The Global Maritime Distress and Safety System (GMDSS), introduced by the International Maritime Organization (IMO), ensures fast and effective communication in emergency situations. Standard GMDSS equipment includes VHF and MF/HF radios, satellite communication, EPIRBs, SARTs, and NAVTEX. However, additional equipment such as handheld VHF radios, ITU publications, emergency lighting, chargers, and batteries also plays a crucial role in enhancing the system’s functionality and reliability.

In this article, we will explore these additional components in detail, their importance, and their applications within the GMDSS framework.

Handheld VHF Radios in the GMDSS System

Importance of Handheld VHF Radios

Handheld VHF radios are one of the last-resort communication tools used in emergency situations such as evacuations. They enable communication between rescue teams, liferafts, ships, and rescue units. Due to their mobility, handheld VHF radios allow for quick and effective transmission of information in situations where access to other communication means is limited. However, they also come with several limitations.

SOLAS and IMO Requirements

According to Chapter IV of the SOLAS Convention, all ships covered by the GMDSS system must have:

  • At least two handheld VHF radios for vessels operating in area A1.
  • At least three handheld VHF radios for ships operating in areas A2, A3, and A4.

These devices must meet the following criteria:

  • Waterproofing: Minimum protection level of IP67 or higher.
  • Power supply: Equipped with rechargeable battery packs providing at least 8 hours of operation. Additionally, handheld VHF radios should include single-use, non-rechargeable backup batteries. The battery must be sealed, and its expiration date should be clearly marked. Once expired, the battery must be replaced with a new one.
  • Channels: Support for channel 16 (distress) and other emergency channels.
  • Labeling: Each radio should be marked with the vessel’s name, MMSI number, Call Sign, and IMO number.
  • Certification: Compliance with IMO and SOLAS standards.

Benefits of Use

  • Flexibility: Can be used anywhere on the ship and beyond.
  • Emergency backup: An alternative communication source in case of failure of fixed systems.
  • Evacuation support: Ensures communication during ship abandonment.

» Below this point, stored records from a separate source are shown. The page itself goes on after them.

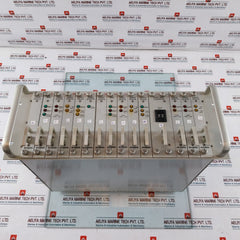 Woodward 8230-888 C Marine Synchro phaser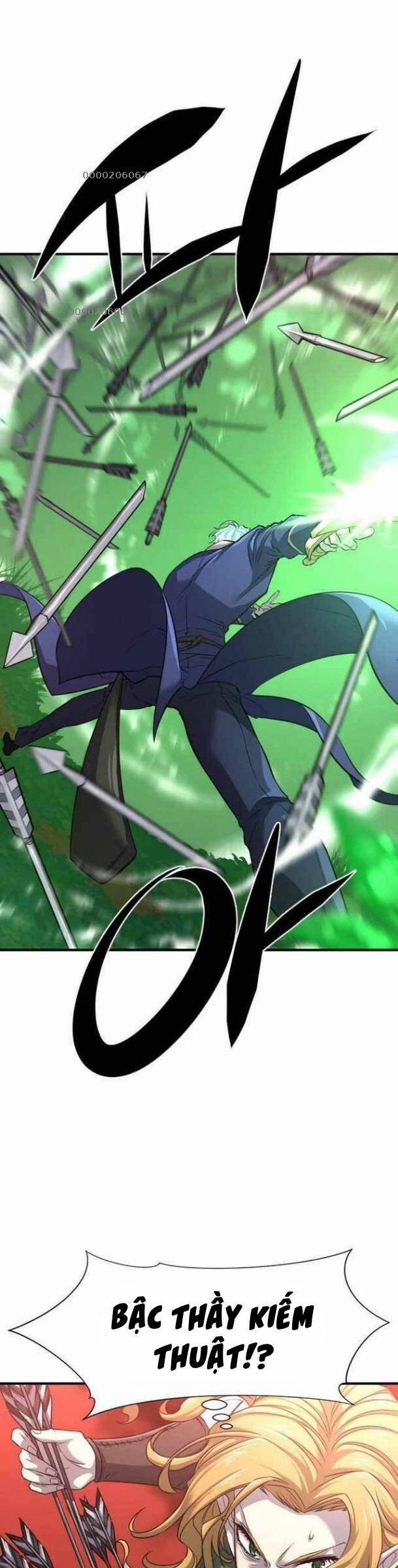 Kĩ Sư Bá Nhất Thế Giới 63 trang 15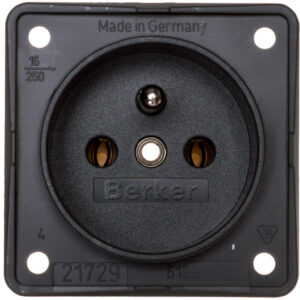 1dc8e923bc112fc88f32d32b12021d5e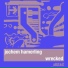Jochem Hamerling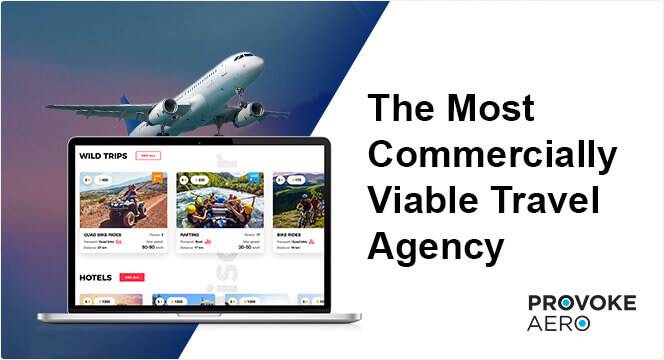 SaaS Development Services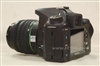 宾得K100D Super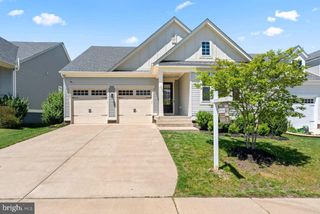 980 CORIANDER LN, Stafford, VA 22554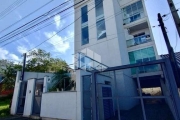 Apartamento em Diva Lessa De Jesus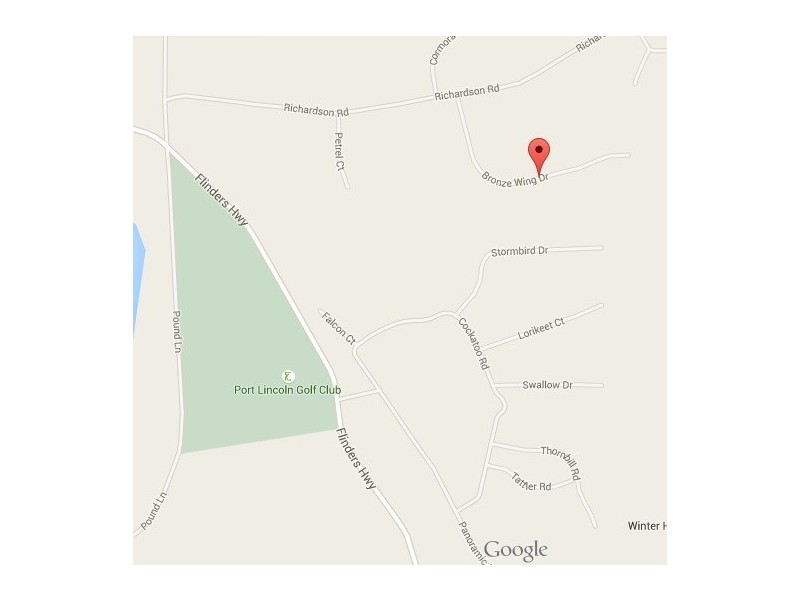 15/50-60 Bronze Wing Drive, Boston SA 5607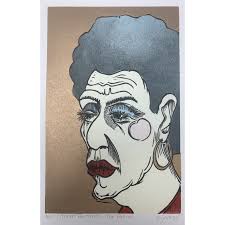 Skagit Valley in Color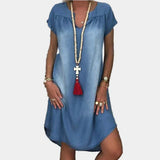 https://cdn.shopify.com/s/files/1/1057/5383/7908/files/S86ca10b251874b2ea8e0ddd983d5ade0N.webp?v=1786917638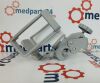SIEMENS 10549875 Holder Manual Control SBU Mammo Unit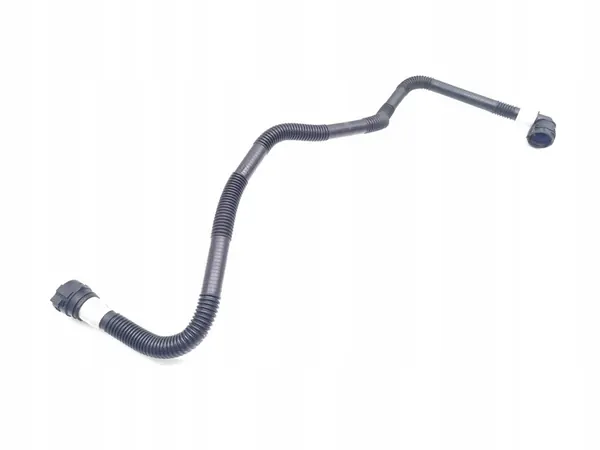 Tesla Model 3 Jäähdytyslinja Sähkömoottori 225kW image 6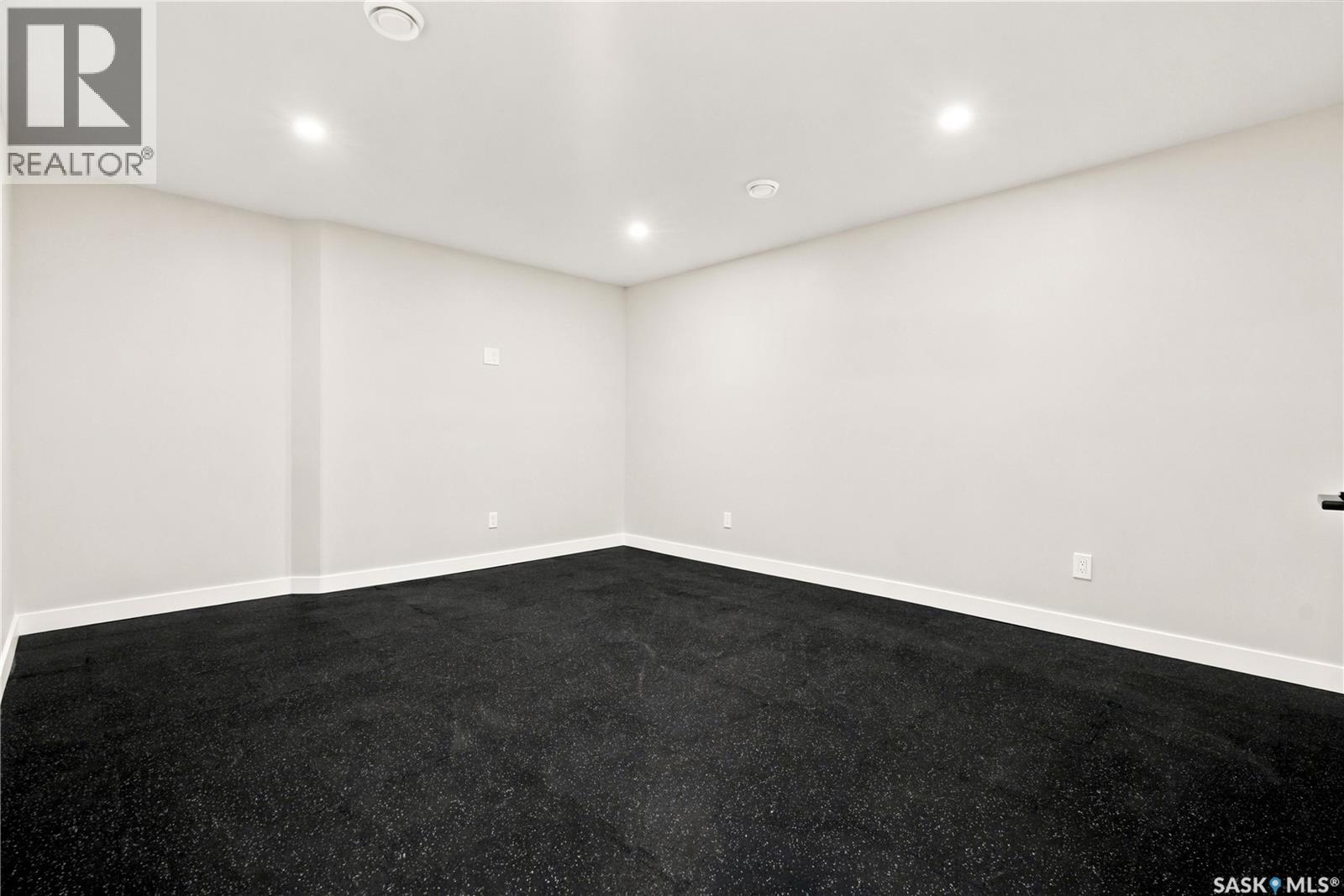34 Huber Drive Property Photo 61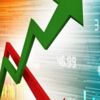 Son dakika: Borsa günü yükselişle tamamladı Son dakika: Borsa günü yükselişle tamamladı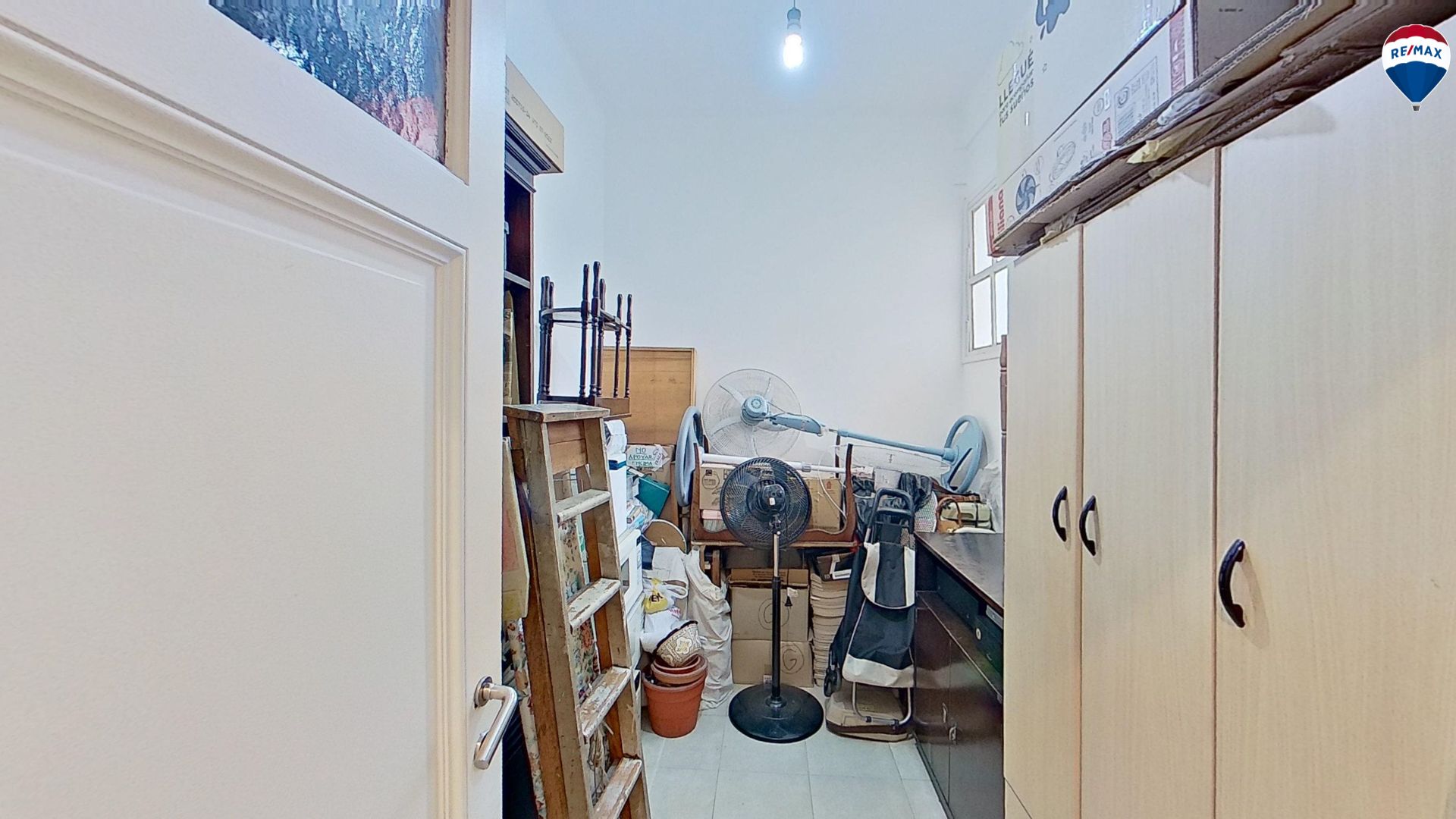 Departamento en Venta en Recoleta, Capital Federal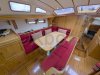 Used sailboat OVNI 43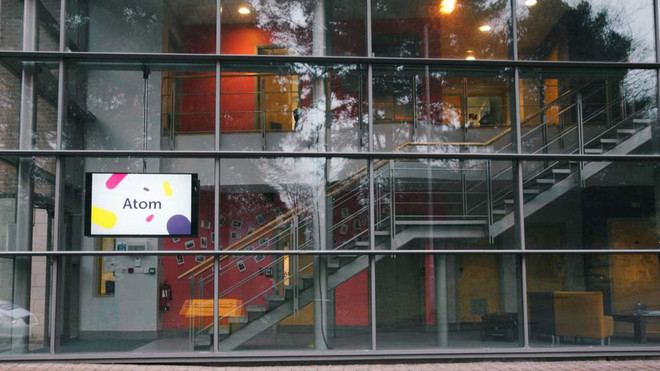 COVID-19 khiến các nhà tuyển dụng tại Anh thay đổi chế độ làm việc ảnh 1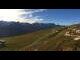 Webcam in Gerlos, 2.1 km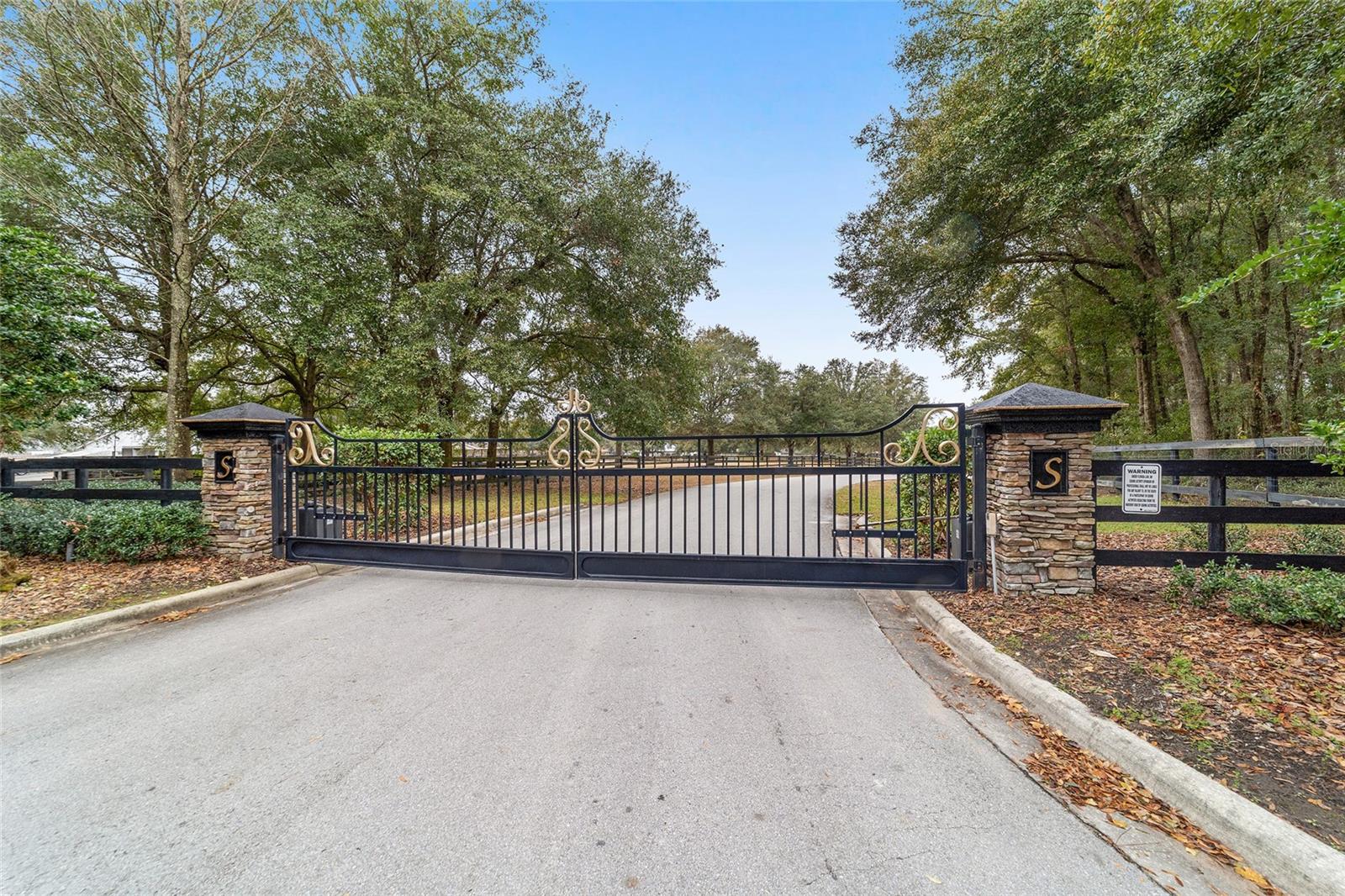 Image 2 of 91 For 6208 12th Street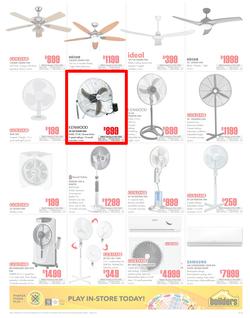 Builders East London & KZN : Get More For Less (20 Feb - 18 Mar 2018), page 7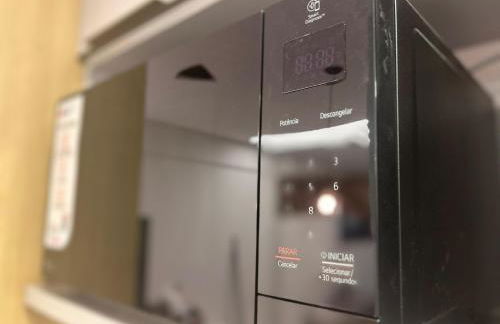 APARTAMENTO Alto Padrão Centro Itajaí - Foto 18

Disadvantages and Limitations

  • Low transmission power: Handheld radios typically have two operating modes—Low with 1W transmission power and High with 2W transmission power. It should also be noted that, like any battery-powered radio, transmission power decreases as the battery discharges.
  • Lack of DSC support: Due to the absence of a built-in GPS receiver, battery operation, and various other factors, handheld radios do not monitor DSC communication.
  • Short range: While a fixed VHF radio with a full-size mast-mounted antenna has a range of several dozen nautical miles, a handheld radio equipped with a short antenna has a very limited range, especially when communicating from a lifeboat. It is important to reduce the squelch level in an emergency to hear even weak or distorted signals.

ITU Publications within the GMDSS

Importance of ITU Publications

The International Telecommunication Union (ITU) develops and publishes documents that are crucial for the proper functioning of the GMDSS system. ITU publications contain standards, regulations, and information related to maritime radio communications.

Key ITU Documents for GMDSS That Must Be Available on Every Ship

  • ITU List IV – List of Coast Stations and Special Service Stations
  • ITU List V – List of Ship Stations and Maritime Mobile Service Identity Assignments
  • ITU Manual for Use by the Maritime Mobile and Maritime Mobile-Satellite Services

Current ITU Versions for GMDSS (as of 06-01-2025)

  • 2023 – ITU List IV – List of Coast Stations and Special Service Stations
  • 2024 – ITU List V – List of Ship Stations and Maritime Mobile Service Identity Assignments
  • 2024 – ITU Manual for Use by the Maritime Mobile and Maritime Mobile-Satellite Services (Maritime Manual)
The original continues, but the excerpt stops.